Dataset entries
************
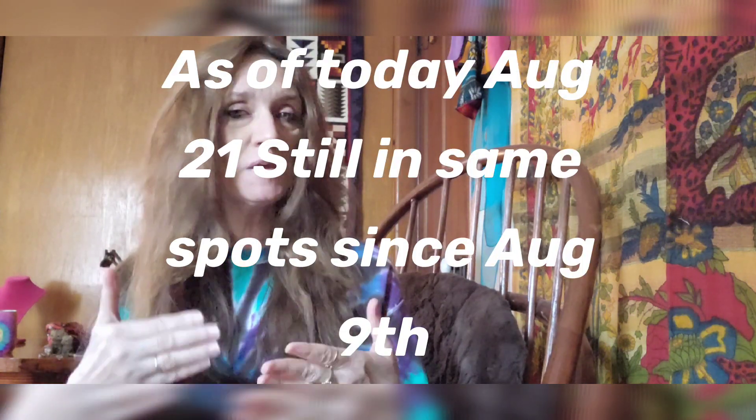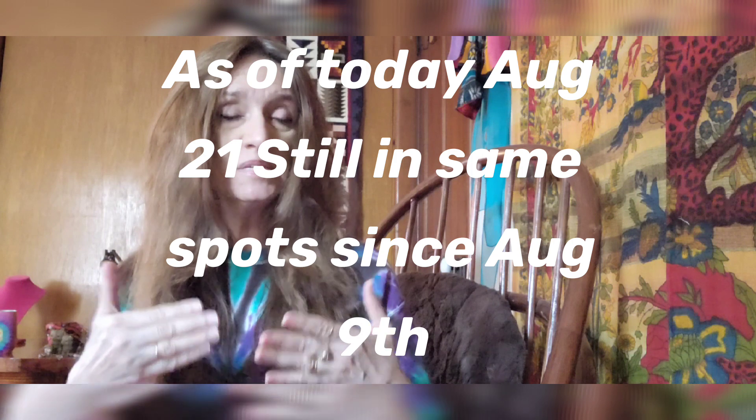I'm going to show you what I do, but before I do that I want to mention: I may not stay in these spots depending on how many people are listing similar items. My placement in search may move around, and there are a lot of factors to take into consideration.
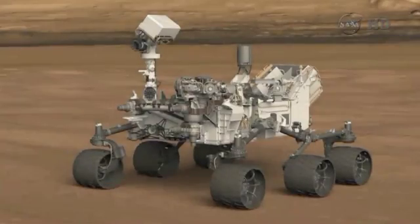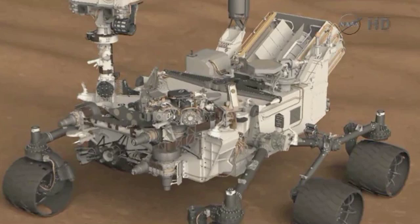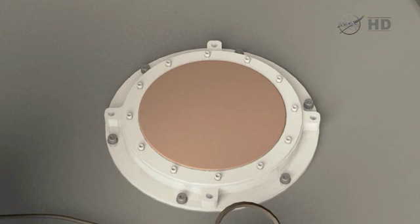This next slide shows basically zooming in on the top deck of the rover, showing where the RAD window is — the Radiation Assessment Detector, or RAD. The field of view is defined for the charged particle channel by this window, and that points towards the zenith. So we characterize and measure charged particle radiation coming in from the atmosphere, as well as neutral particle radiation — neutrons and gamma rays.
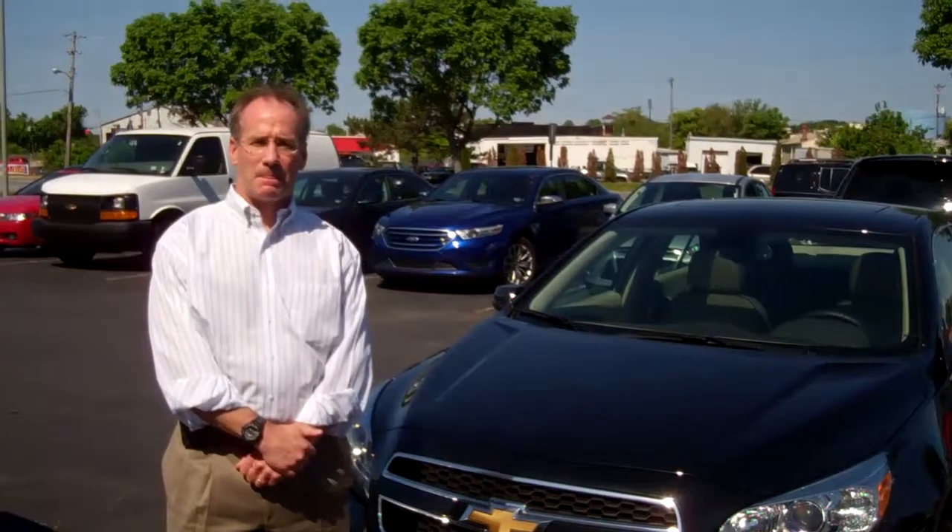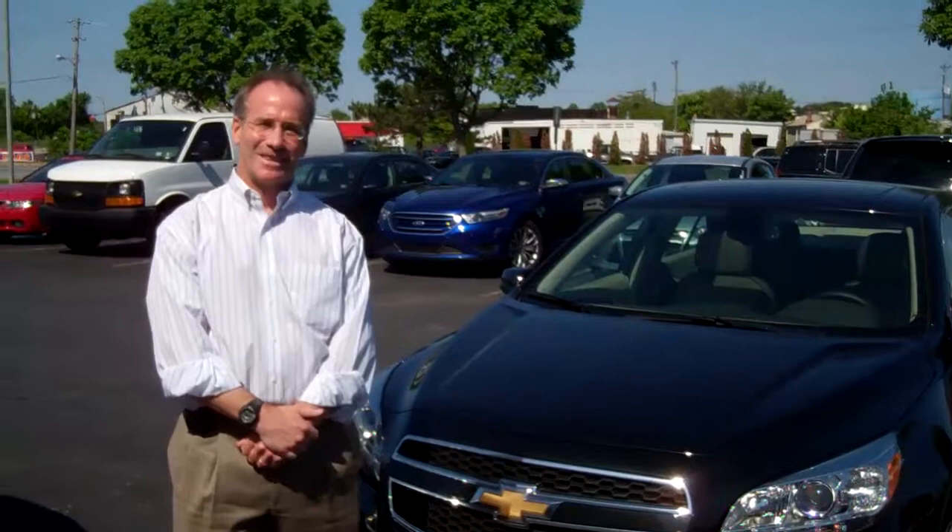Hi, I'm here with Rich Diver from Diver Chevrolet. Rich, what car did you bring today? I brought the 2013 all-new Malibu Eco.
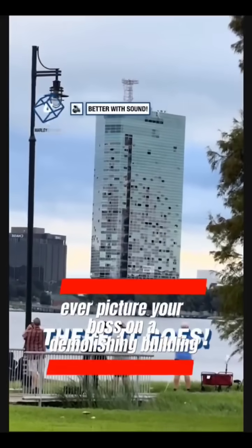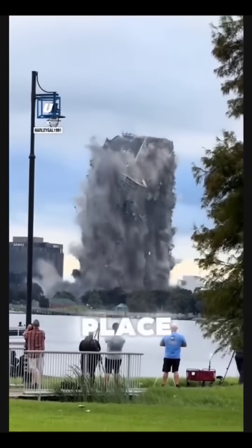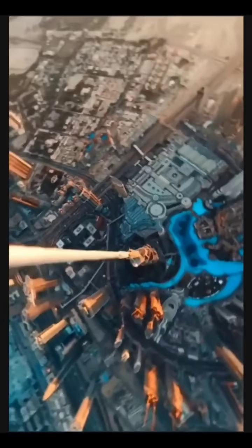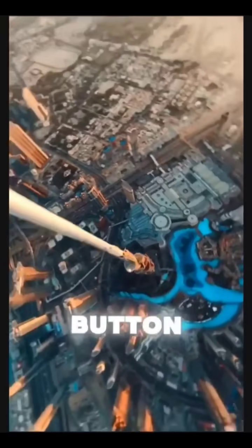Ever picture your boss on a demolishing building? They're standing there like the main character in an action movie, trying to look all cool while the whole place is falling apart. They're like, 'Don't worry, team, I've got this under control.' And then, right before the building collapses, they trip over a chair and accidentally hit the emergency meeting button on Zoom.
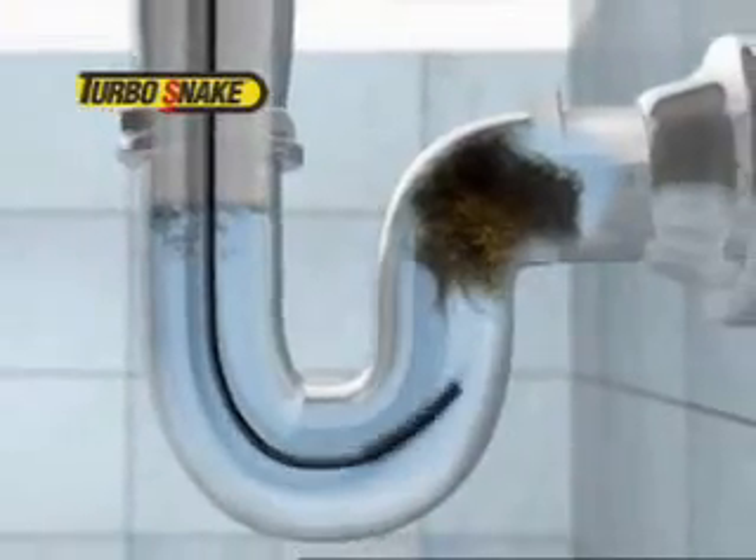Here's how it works. The Turbo Snake easily glides down deep into the drain. Then give it a twirl, and the specially designed hooks grab onto the hair and gunk to remove the clog with ease.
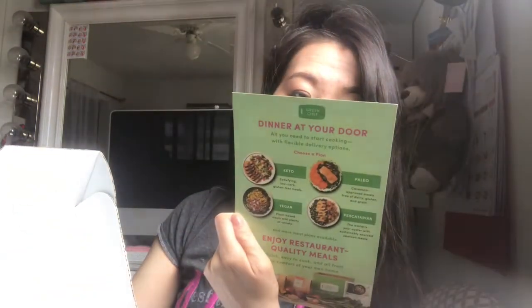The next item is a Green Chef meal kit card — 'the meal kit made for every kind of lifestyle.' I've been getting a lot of these. If anyone wants one, let me know by email or in the comments and I'll mail it to you, because I don't use these — I prefer DoorDash instead.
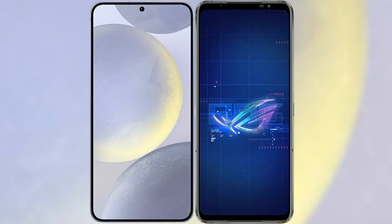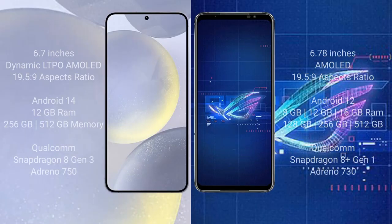I will compare the new Samsung Galaxy S24 Plus with ASUS ROG Phone 6. Samsung Galaxy S24 Plus comes with a 6.7-inch Dynamic LTPO AMOLED display. ASUS ROG Phone 6 comes with a 6.78-inch AMOLED display.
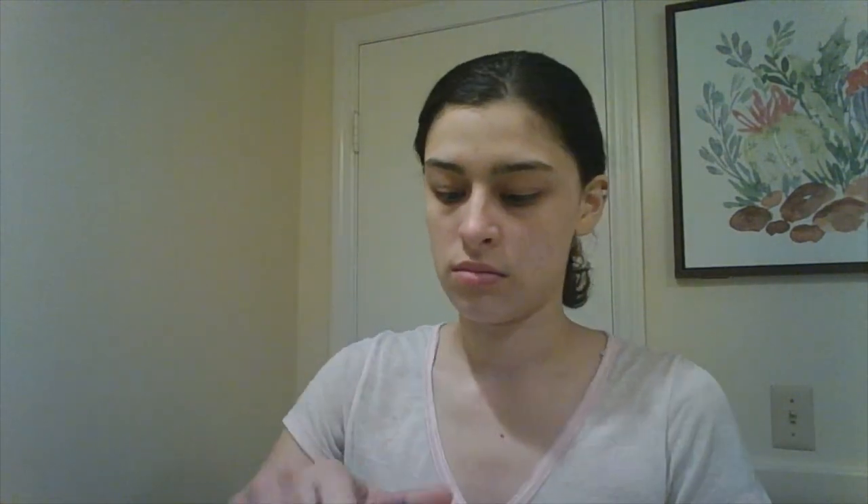I use a cleanser, and I just put a tiny bit on my hand — that much — and put it on my face and my neck. And I use just a tiny bit of water, and I rinse it off.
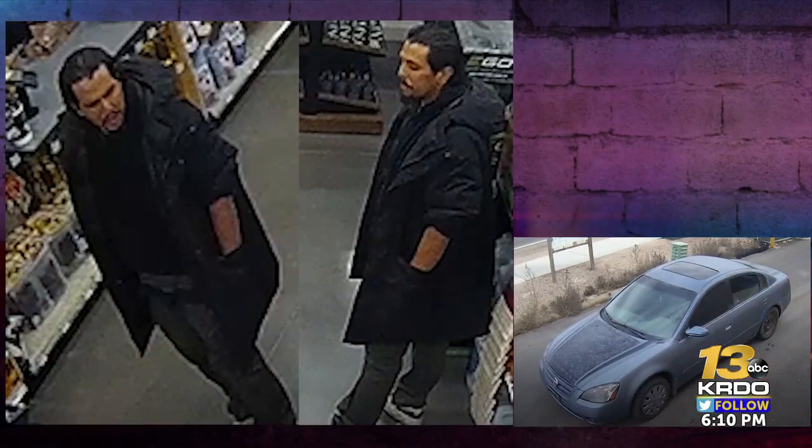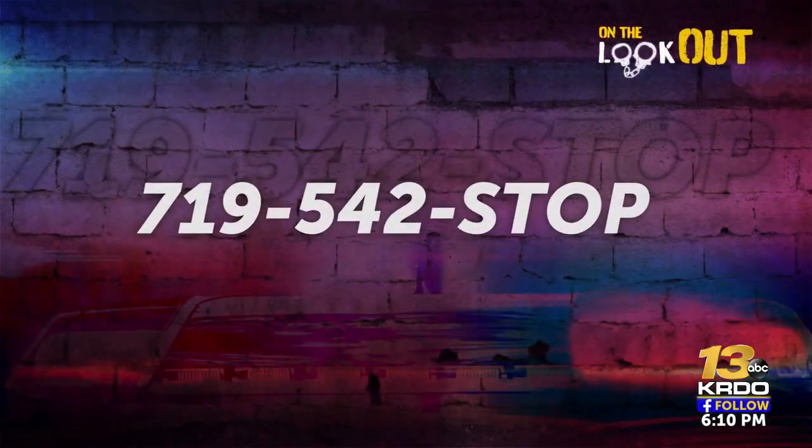If you recognize the suspect or his vehicle, you're asked to call Pueblo Crime Stoppers at 719-542-STOP. And if you have video or pictures of a crime and have submitted a police report, you can share your info on our website, KRDO.com, using the share button.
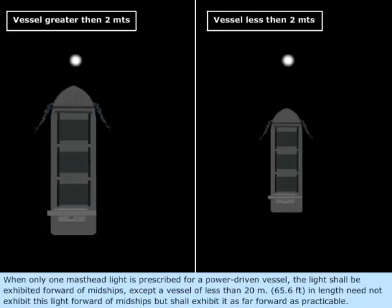When only one masthead light is prescribed for a power-driven vessel, the light shall be exhibited forward of midships, except a vessel of less than 20 meters, or 65.6 feet in length, need not exhibit this light forward of midships, but shall exhibit it as far forward as practicable.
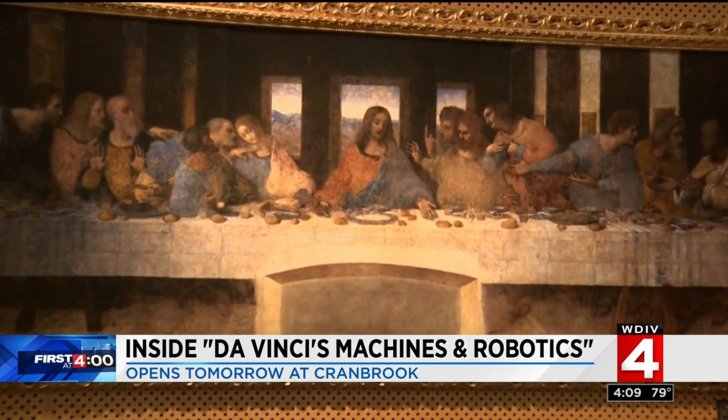Paula Tuttman, Local 4. Thank you so much, Paula. By the way, the exhibit does open to the public tomorrow. Tickets are $8 for adults and only $6 for children and seniors. Check it out.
************
Exercise details:
An exact restatement is expected of the lines from the line containing "When only one" to the end of the data above, pictures excluded.

Answer to the problem:
When only one masthead light is prescribed for a power-driven vessel, the light shall be exhibited forward of midships, except a vessel of less than 20 meters, or 65.6 feet in length, need not exhibit this light forward of midships, but shall exhibit it as far forward as practicable.
Paula Tuttman, Local 4. Thank you so much, Paula. By the way, the exhibit does open to the public tomorrow. Tickets are $8 for adults and only $6 for children and seniors. Check it out.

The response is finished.